Let's Remember Some Guys: American Gladiators Beyond Thunderdome

Let's Remember Some Guys: More American Gladiators

How smart do you want your sports to be, really? Not the athletes involved, who will invariably have the kind of fast and opportunistic and almost automatic intelligence that athletes display in the moment, but the sport itself. Do you want it to be complex and governed by arcane rules, or just so straight-up caveman simple that the very idea of someone attempting to coach it is laughable?

Sadly these questions are mostly academic, as they’re not making many new sports at this moment, but this second journey back into the decades-past heyday of American Gladiators was a nice reminder of just how dumb a sport can and maybe should be. The cards themselves, a product of an era when Topps was notably promiscuous about what it was willing to produce, are grandiose and luridly purple in their prose, kind of confusing in their general aesthetic approach, and in that regard probably as good an approximation of the broader American Gladiators thing as any card could be.

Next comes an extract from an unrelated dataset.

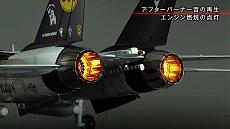 Costruisci il mitico F-14 Tomcat - Il caccia intercettore della U.S. Navy-item107.jpg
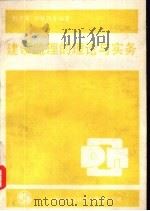 建设监理的理论与实务（1990 PDF版）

American Gladiators was just what it was—a glossy steroidal obstacle course defended by venous and crispy-haired people in weird patriotic singlets. It was honestly only barely a sport, despite featuring rules and balls and commentators and performance-enhancing drugs, and its delusions of grandeur and over-the-top vibe were probably the most sports-esque things about it. And yet both Dan and I watched and enjoyed it as kids, and enjoyed revisiting this beefy and idiotic dream palace through these cards. It is fun, and maybe even healthy, to remember just how stupid all this can get.